Si j'avais tellement à coeur de défendre la liberté des créatures de la nature , c'est que je la respirais à pleins poumons , cette liberté , dans mon royaume qui surplombait  la mer . J'attendais les mois d'été avec impatience pour déserter la forteresse où les roses bercées par la brise marine croissaient avec vigueur , et m'aventurer sur les rochers afin de contempler , au loin, le départ quotidien de l'énorme navire chargé de nostalgie à destination du "continent ". Pour cela , Il me suffisait de tourner la clé rongée par les embruns du portail en bois tout au fond du jardin pour me retrouver dans une nouvelle aire, minérale, presque sidérale tellement elle semblait s'opposer au soleil dans un face-à-face aveuglant: la plage . Elle n'était accessible à l'époque qu'aux résidents du chapelet de villas qui lui servaient de rempart.

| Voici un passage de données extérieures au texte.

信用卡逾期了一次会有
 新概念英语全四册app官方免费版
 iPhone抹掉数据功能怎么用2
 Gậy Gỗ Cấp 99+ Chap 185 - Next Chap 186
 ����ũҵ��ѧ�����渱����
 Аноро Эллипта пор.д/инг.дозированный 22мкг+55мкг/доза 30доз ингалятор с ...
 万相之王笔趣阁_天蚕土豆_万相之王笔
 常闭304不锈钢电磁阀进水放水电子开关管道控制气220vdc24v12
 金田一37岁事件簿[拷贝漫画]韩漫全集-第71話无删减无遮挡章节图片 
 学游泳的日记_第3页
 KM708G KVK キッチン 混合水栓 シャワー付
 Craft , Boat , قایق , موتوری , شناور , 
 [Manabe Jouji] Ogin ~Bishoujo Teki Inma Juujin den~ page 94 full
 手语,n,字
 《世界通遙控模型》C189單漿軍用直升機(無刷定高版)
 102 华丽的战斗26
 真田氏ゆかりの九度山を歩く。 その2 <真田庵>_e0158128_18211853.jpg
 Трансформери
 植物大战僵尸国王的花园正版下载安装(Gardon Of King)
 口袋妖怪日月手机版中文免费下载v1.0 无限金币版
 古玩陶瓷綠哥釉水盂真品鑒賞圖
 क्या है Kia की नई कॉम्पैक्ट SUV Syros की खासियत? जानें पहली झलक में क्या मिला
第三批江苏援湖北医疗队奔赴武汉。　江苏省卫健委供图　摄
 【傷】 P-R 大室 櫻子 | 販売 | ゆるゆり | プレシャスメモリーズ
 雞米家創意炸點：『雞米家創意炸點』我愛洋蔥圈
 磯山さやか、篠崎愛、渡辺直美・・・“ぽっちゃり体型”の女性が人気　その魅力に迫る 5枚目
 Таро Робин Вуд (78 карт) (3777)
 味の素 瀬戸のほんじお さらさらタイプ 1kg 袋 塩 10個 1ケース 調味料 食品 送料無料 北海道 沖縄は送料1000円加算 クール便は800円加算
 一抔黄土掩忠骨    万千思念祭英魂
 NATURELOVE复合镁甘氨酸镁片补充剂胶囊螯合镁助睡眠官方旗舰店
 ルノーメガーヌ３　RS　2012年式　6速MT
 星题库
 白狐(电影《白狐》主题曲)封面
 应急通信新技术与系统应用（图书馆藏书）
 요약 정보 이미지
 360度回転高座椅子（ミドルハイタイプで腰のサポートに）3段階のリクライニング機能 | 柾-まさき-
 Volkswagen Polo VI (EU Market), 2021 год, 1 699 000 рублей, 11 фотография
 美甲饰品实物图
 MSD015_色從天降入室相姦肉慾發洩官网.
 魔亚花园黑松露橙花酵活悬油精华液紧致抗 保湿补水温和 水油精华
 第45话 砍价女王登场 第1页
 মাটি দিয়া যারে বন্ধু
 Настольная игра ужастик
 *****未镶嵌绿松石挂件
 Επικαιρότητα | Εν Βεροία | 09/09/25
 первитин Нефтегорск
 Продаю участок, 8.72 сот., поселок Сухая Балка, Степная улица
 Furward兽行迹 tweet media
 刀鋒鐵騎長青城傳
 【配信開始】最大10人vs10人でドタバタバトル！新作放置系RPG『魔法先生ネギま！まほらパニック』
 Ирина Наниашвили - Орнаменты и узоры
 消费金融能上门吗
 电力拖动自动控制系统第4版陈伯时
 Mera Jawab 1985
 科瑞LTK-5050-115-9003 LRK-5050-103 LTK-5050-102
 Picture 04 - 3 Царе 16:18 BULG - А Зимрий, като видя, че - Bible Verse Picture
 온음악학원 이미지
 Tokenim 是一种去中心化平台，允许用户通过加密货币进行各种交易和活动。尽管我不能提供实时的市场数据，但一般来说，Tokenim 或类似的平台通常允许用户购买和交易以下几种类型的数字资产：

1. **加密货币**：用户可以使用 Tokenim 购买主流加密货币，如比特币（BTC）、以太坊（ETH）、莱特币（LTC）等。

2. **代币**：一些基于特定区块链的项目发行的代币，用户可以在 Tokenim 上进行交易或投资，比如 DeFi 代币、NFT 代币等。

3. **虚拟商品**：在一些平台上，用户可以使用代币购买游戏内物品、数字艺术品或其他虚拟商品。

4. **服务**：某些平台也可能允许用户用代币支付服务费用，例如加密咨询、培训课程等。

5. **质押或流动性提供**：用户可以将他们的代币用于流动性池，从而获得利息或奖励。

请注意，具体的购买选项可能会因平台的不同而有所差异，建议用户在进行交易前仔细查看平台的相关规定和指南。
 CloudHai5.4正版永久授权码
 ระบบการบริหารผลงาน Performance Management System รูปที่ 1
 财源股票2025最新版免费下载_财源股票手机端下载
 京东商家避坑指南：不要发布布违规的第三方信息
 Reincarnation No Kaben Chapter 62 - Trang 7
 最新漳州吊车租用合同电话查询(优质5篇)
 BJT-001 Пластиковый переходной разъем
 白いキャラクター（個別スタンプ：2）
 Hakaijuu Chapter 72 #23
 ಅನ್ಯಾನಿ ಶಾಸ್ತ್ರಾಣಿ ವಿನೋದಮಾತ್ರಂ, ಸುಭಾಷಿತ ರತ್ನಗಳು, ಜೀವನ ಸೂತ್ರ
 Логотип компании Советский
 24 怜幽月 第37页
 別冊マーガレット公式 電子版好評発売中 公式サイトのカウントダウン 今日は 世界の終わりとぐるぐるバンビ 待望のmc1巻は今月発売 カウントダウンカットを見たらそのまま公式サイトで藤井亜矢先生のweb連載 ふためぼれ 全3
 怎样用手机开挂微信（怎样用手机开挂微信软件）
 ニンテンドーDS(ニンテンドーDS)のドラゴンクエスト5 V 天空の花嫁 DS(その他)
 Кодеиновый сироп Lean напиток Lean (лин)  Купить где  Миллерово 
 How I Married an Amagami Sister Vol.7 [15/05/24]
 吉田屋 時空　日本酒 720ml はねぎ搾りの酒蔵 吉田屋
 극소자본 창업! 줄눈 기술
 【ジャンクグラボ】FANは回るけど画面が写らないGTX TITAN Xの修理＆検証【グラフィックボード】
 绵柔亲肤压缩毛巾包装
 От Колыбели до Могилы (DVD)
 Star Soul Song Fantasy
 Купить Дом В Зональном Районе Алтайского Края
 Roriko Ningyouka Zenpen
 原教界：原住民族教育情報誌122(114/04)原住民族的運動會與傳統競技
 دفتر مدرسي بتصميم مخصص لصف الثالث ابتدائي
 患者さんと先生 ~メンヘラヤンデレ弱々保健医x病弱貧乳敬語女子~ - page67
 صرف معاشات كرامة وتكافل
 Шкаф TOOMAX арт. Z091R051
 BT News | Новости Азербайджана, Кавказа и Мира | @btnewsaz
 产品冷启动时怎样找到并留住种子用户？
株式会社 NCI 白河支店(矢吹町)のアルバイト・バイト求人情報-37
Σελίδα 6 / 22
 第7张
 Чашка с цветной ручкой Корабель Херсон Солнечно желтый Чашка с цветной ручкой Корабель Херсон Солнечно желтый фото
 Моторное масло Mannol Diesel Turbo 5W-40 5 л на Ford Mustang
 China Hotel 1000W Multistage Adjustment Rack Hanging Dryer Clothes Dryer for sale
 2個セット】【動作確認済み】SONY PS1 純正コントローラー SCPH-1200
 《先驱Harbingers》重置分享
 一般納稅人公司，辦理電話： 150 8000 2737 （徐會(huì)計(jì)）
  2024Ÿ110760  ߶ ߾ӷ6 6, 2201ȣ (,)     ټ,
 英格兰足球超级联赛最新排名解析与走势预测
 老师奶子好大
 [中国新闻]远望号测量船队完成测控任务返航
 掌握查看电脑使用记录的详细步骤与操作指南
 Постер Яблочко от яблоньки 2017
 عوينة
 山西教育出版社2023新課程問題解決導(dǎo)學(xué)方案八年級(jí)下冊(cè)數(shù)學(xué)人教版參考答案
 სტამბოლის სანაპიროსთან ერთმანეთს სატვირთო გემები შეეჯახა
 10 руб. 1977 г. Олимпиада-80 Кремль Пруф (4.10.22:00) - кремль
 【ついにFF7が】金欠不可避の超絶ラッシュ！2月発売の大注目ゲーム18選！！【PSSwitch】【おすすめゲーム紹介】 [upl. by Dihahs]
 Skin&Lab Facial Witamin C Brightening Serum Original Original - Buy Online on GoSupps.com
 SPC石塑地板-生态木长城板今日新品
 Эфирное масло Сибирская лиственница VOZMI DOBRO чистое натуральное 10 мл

Aussi avais-je l'impression d'en être l'unique propriétaire, vu qu'aucun autre humain ne semblait en apprécier l'existence .

Ce n'était pas une étendue de sable fin, comme celle qui alimente les fantasmes de tant de vacanciers . Il s'agissait d'un sable dont la granulosité était plus épaisse. Sur la grève, gisaient, pèle-mêle, les minuscules spécimens d'un cabinet de curiosités à ciel ouvert: des galets blancs veinés de noir que j'aimais faire rebondir sur la crête des vagues; des bris de verre multicolore polis par le sel marin; des tesselles de céramique, comme si des courants malins s'étaient amusés à desceller d'hypothétiques mosaïques tapissant les profondeurs marines; des coquillages marbrés, striés, ou nacrés, que je ramassais pour en faire des colliers; et, quand survenaient des tempêtes et que la houle lançait au galop sur la mer des vagues aux crinières échevelées,  des bouts de bois de taille variable, vestiges de naufrages imaginaires comme ceux qui naissent dans l'esprit des enfants une fois qu'on leur a fait lecture des tribulations maritimes d'un certain Robinson .

Cette plage, avec ses trésors étalés en plein soleil, son enceinte de maisons qui la murait dans une solitude étincelante, avait une poésie particulière que je n'ai jamais retrouvée par la suite. Sans doute était-ce  la poésie de l'enfance, celle qui jaillit en nous quand on regarde le monde sans en comprendre encore le sens et qu'on le croit peuplé de créatures merveilleuses aux destins fabuleux. Cette plage devait être sans doute bien banale, comparée à d'autres, mais à mes yeux de petite fille ébahie, elle valait tous les palais des mille et une nuits que j'ai pu visiter depuis .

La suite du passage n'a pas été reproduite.